WORK TASK:
Starting at the line with "Cherub Chipmunk" and going on through the line with "Big Horn Digital", reproduce each line in the records below exactly and nothing more.

[[ DATASET EXTRACT, beginning ]]

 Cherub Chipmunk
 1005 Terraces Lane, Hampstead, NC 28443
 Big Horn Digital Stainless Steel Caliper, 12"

[[ DATASET EXTRACT, end ]]
[[ DATASET EXTRACT, beginning ]]

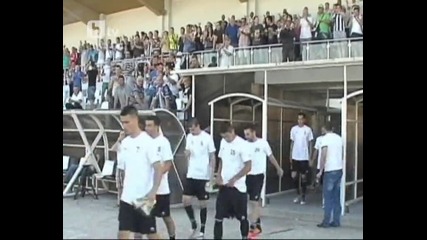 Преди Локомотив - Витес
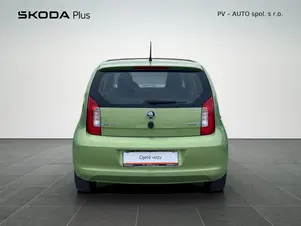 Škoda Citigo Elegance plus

[[ DATASET EXTRACT, end ]]
[[ DATASET EXTRACT, beginning ]]

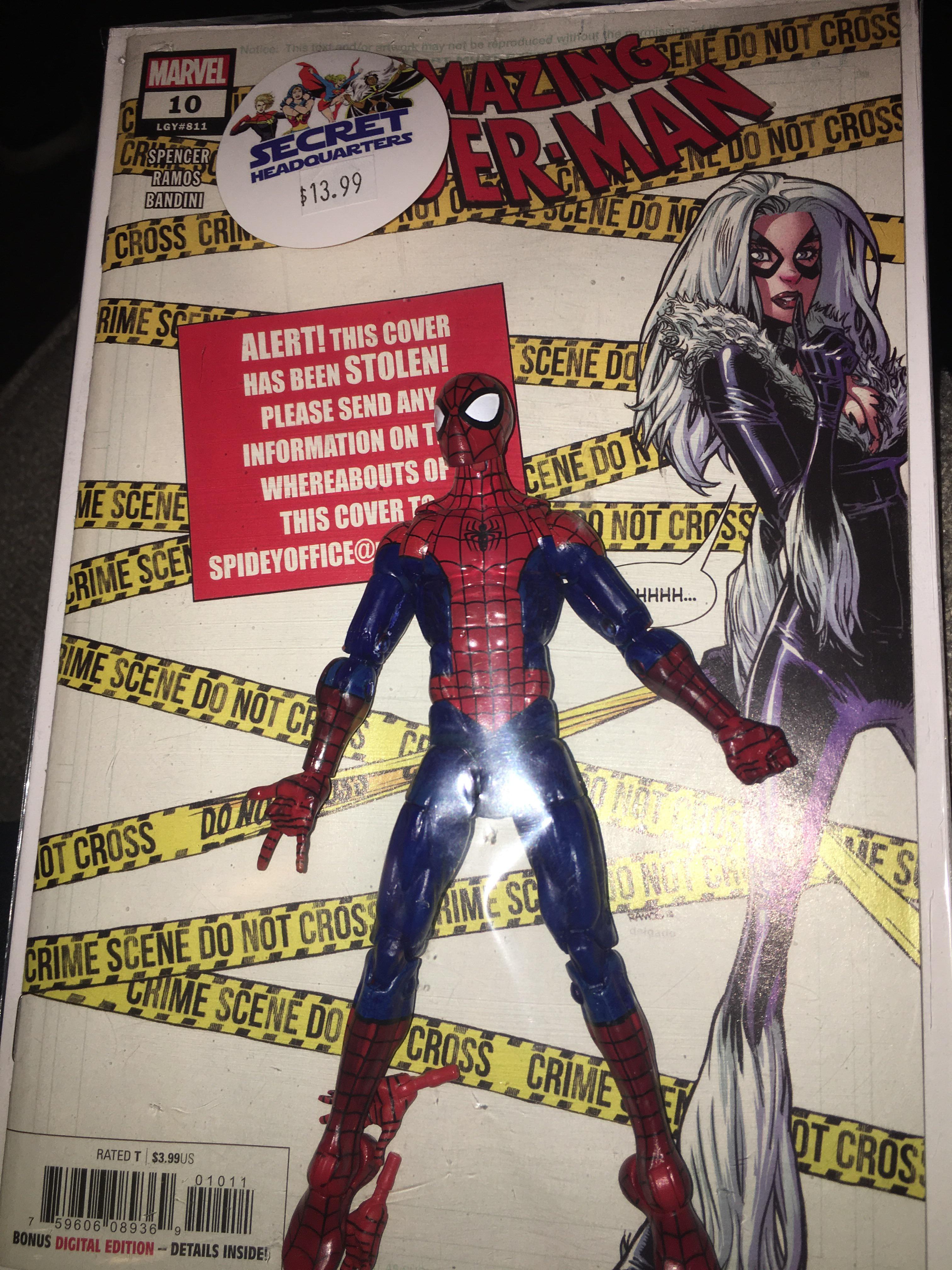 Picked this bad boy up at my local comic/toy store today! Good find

[[ DATASET EXTRACT, end ]]

ANSWER BELOW:
 Cherub Chipmunk
 1005 Terraces Lane, Hampstead, NC 28443
 Big Horn Digital Stainless Steel Caliper, 12"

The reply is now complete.